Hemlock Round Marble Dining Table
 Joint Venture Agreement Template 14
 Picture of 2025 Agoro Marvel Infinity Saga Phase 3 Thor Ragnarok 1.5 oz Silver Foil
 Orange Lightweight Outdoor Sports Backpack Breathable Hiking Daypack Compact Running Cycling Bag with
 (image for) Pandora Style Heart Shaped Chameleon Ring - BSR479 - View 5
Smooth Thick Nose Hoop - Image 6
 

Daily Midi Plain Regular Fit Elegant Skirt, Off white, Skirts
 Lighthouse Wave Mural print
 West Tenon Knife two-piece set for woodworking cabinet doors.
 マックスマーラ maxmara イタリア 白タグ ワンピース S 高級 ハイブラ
---
The full listing above is to be retyped exactly.

Hemlock Round Marble Dining Table
 Joint Venture Agreement Template 14
 Picture of 2025 Agoro Marvel Infinity Saga Phase 3 Thor Ragnarok 1.5 oz Silver Foil
 Orange Lightweight Outdoor Sports Backpack Breathable Hiking Daypack Compact Running Cycling Bag with
 (image for) Pandora Style Heart Shaped Chameleon Ring - BSR479 - View 5
Smooth Thick Nose Hoop - Image 6
 

Daily Midi Plain Regular Fit Elegant Skirt, Off white, Skirts
 Lighthouse Wave Mural print
 West Tenon Knife two-piece set for woodworking cabinet doors.
 マックスマーラ maxmara イタリア 白タグ ワンピース S 高級 ハイブラ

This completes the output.